They say that some people are bound to separate ways. They also say that some aren't really in our fate. That they would just pass through in our lives, stay for awhile and then walk away.
Some might say that we should wait for them. Some might say that we should patiently understand them. And some might say that maybe our sacrifices will be paid off someday.
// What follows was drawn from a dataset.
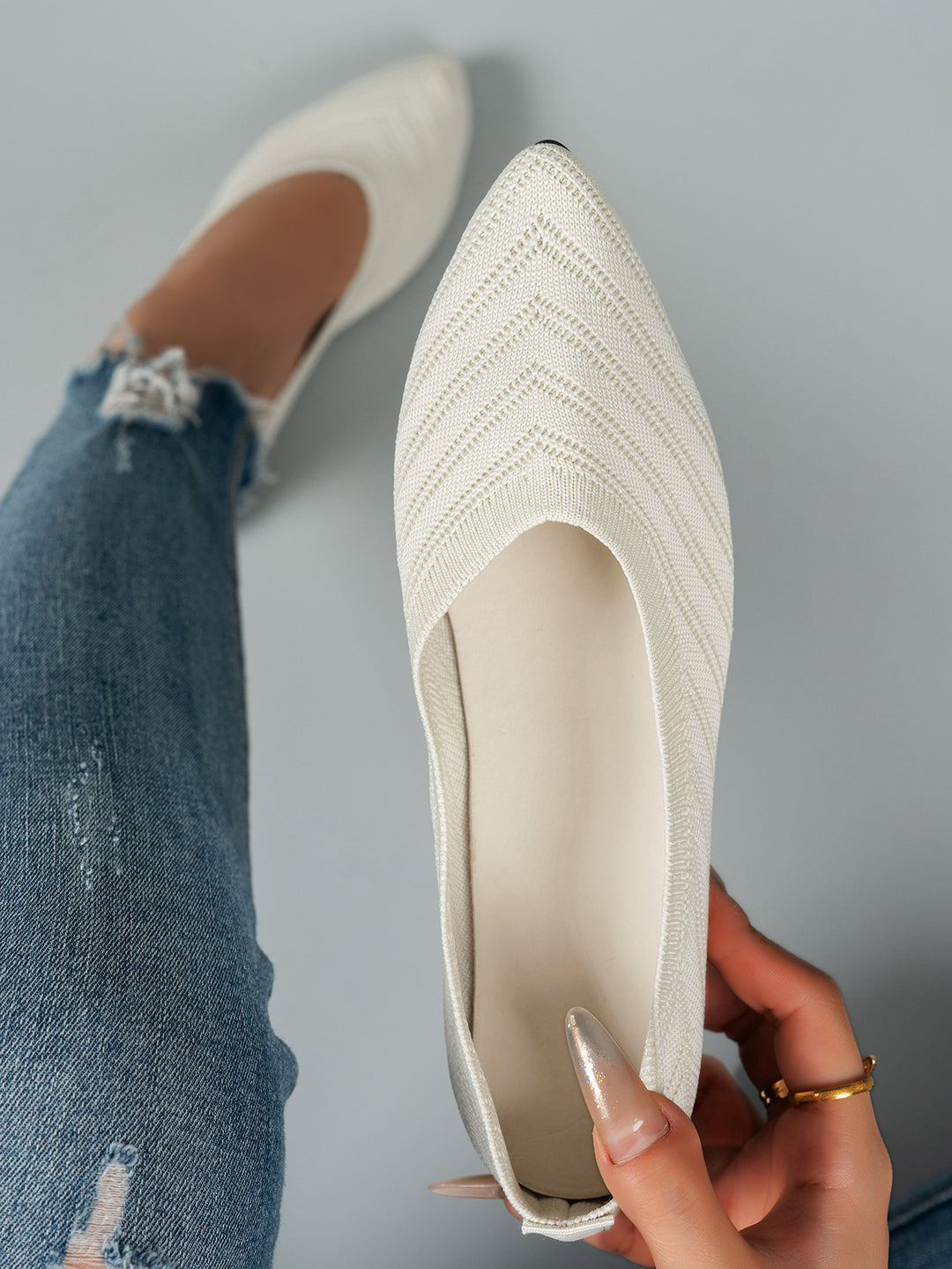 Damen elegante Ballerinas aus atmungsaktivem Strickmaterial R&B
Michael, I really like you. You are everything I want but I'm afraid of having. I wanna talk to you every second of the day. I wanna share to you how my day went, how my subjects/professors were an ass. How I want to have you around. How happy I am that you're still around. I wanna hear from you the words "You did great today, Dear" "Kick ass, woman" "Do your best, Dear" "Rise above!" "Delegate, Dear" coz those words are my motivations. You're one of the people that I looked up to during my darkest episodes. You are my shuddery dreams, the one I'm always afraid of losing. You're one of the people whom I can trust. You were like a human diary to me.
Sorry if I may sound too expressive on how I feel for you, on how I like you to be with me when I know that it's somehow impossible. Sorry if I was a nagger. Sorry if I'm pushing myself too much towards you. Sorry if there were moments that I overstepped. Sorry if I almost break our boundaries. I just really wanted you to know how important you are to me. How awesome it would be if you and I are together.
I wouldn't thought that I was going to be this head over heels for you. I understand that you are busy, that you have bunch of things to do. And that you have no time for my crap. It's really hard for me to just stare at my phone waiting for your messages. Damn, you are my favorite notification. But you know how much I respect your personal space. How I understand that I am the last person you'd looked up to.
Michael, I really appreciate you. Thank you for the laughters. For sharing your little errands with me. For reminding me that I could do better than I was yesterday. For always cheering me up. For being goofy. You are my favorite bully. Thank you for that one hug you know I needed the most. Your embrace still lingers in me. Thank you for the voice messages you've sent me. Your voice is so calming that I would have to play it whenever I misses you. Thank you for trusting me, I know how private you are but I am so grateful that you've shared yourself with me. Thank you for accepting that I am somehow dark and twisted. God knows how I want you to be the father of my children. I would always imagine you holding hands with our kids, how you guys walk in the aisle of the court and sitting upfront beside your opponent.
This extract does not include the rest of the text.